26 September 2007

WEED, WEEDING DAN TANAMAN

WEED, WEEDING DAN TANAMAN

Kata ‘weed’ mempunyai arti rumput liar. Dalam sistem budidaya tanaman, rumput liar yang tumbuh di lahan tanaman dinamakan gulma. Akhiran ing dalam kata weeding, menambah arti (dalam bahasa Indonesia), yaitu penyiangan atau pengendalian gulma. Gulma dimaksud adalah jenis tumbuhan bawah (tumbuhan muda) dan rumput (pendek di permukaan tanah maupun yang membelit) di sekitar tanaman pokok, selagi tanaman pokok tersebut masih muda.

Pengendalian gulma dimaksudkan agar pertumbuhan tanaman pokok tidak terhambat atau tersaingi dalam memperoleh faktor yang mengoptimalkan pertumbuhan, seperti unsur hara, oleh tumbuhan liar. Disamping itu, penyiangan gulma dapat mengurangi kelembaban mikro di sekitar tanaman, sehingga mampu mengurangi berkembangnya hama dan jamur yang dapat merugikan tanaman pokok.

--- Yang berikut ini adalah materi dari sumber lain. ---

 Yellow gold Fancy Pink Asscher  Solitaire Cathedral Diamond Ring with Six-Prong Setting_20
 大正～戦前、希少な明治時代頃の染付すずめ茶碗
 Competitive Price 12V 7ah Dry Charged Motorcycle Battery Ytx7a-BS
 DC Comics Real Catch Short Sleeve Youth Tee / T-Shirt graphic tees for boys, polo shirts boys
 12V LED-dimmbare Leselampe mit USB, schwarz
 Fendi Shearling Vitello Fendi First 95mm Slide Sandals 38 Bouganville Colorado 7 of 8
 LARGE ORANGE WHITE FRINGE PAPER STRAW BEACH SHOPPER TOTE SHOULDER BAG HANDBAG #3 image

Beberapa silviculturist memakai istilah weed management (pengelolaan gulma) untuk menggantikan kata weeding.

Aktifitas weeding dalam silvikultur hutan tanaman, hanya dilakukan hingga tajuk (crown) tanaman menutup. Dalam pertanaman Acacia mangium, tanaman yang baik akan terjadi penutupan tajuk (pada jarak tanam 3 X 3 m) pada umur 2 tahun. Penutupan tajuk akan menghambat bahkan meniadakan pertumbuhan gulma. Sehingga, diharapkan tanaman berumur lebih dari 2 tahun tidak perlu dilakukan weeding. Selanjutnya, pada tanaman berumur lebih dari 2 tahun, sangat sedikit aktifitas berkaitan dengan tumbuhan bawah. Bahkan tumbuhan bawah ini diharapkan/dibiarkan tumbuh diantara tanaman pokok.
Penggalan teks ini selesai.